The FCC’s “Shot Clock” for local government’s processing of wireless communications applications (90 days for collocations and 150 days for other wireless siting applications, applicable to jurisdictions where the state has not enacted similar “shot clocks”) was recently affirmed by the 5th Circuit Court of Appeals (with certain caveats) in a case brought by the cities of San Antonio and Arlington, Texas against the FCC.
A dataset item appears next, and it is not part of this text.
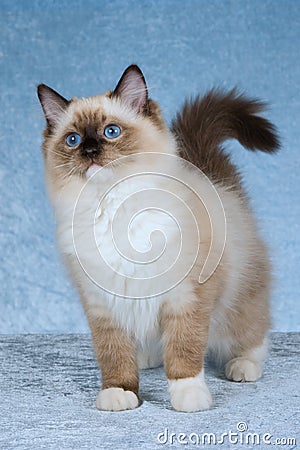 Seal point Ragdoll on blue background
In its decision, the 5th Circuit said that although the FCC’s judgment in establishing those timelines was reasonable and within the scope of its authority, the failure by local government to adhere to those time limits does not automatically mean that that local government has per se violated the 1996 Telecom Act. Instead, the 5th Circuit said in that case the burden shifts to the local government to explain its failure to meet the applicable deadline. Examples of such explanations” of failure to meet the deadline, according to the 5th Circuit, might be wireless applicant’s own failure to submit requested information, or some other extenuating circumstances; or the local government could show it was acting diligently in its consideration of an application, but that the necessity of complying with, for example, applicable environmental regulations caused a delay, or because the application was complex in its nature or scope.
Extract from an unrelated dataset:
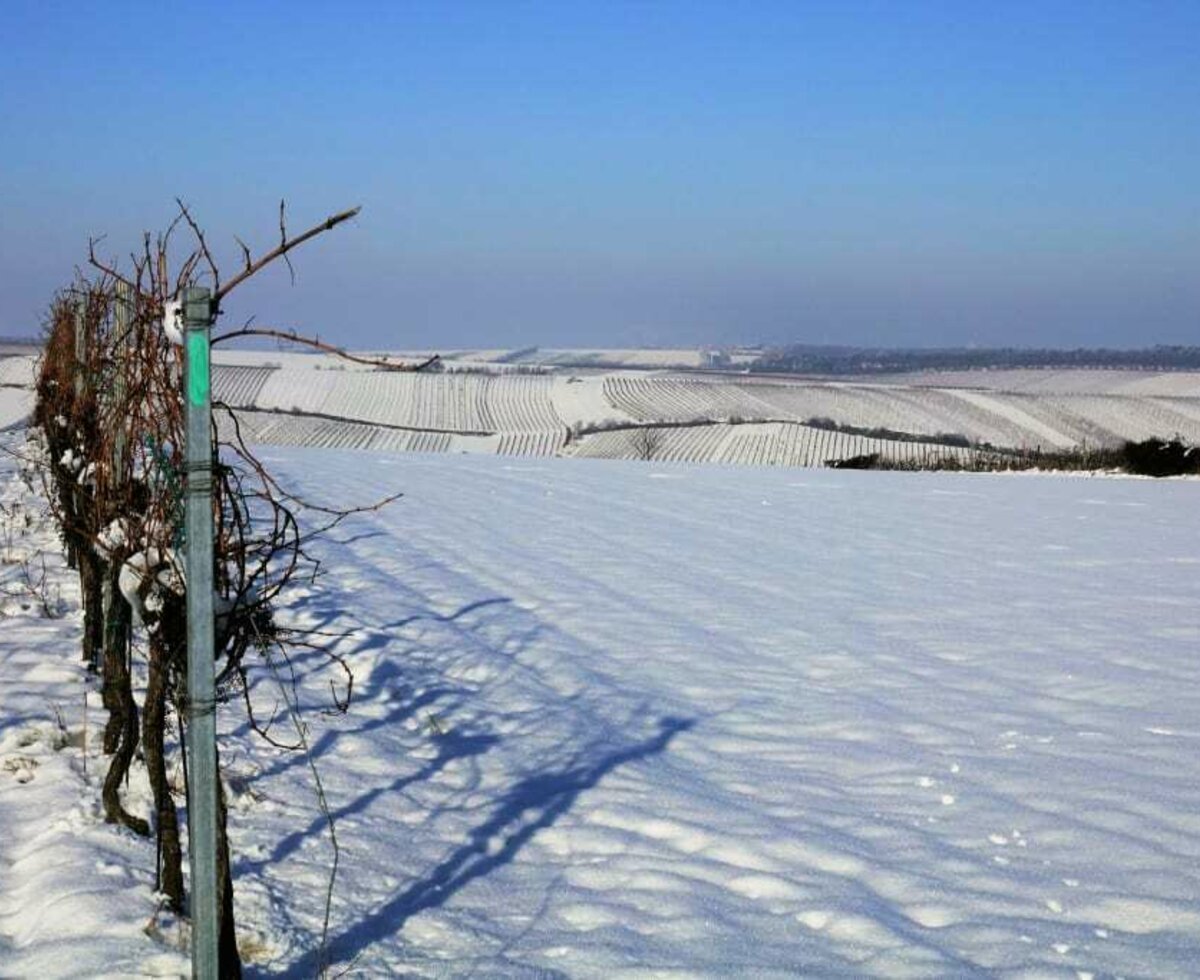 Weingarten Winter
So you don’t automatically grant the right to the applicant to build the wireless site if you miss the FCC deadline – but the burden does shift to you to show why you need more time and were unable to meet that deadline, either because of issues with the application or some other complexity or extenuating circumstance. As summarized by the 5th Circuit “The time frames are not hard and fast rules but instead exist to guide courts in their consideration of cases challenging state or local government inaction.”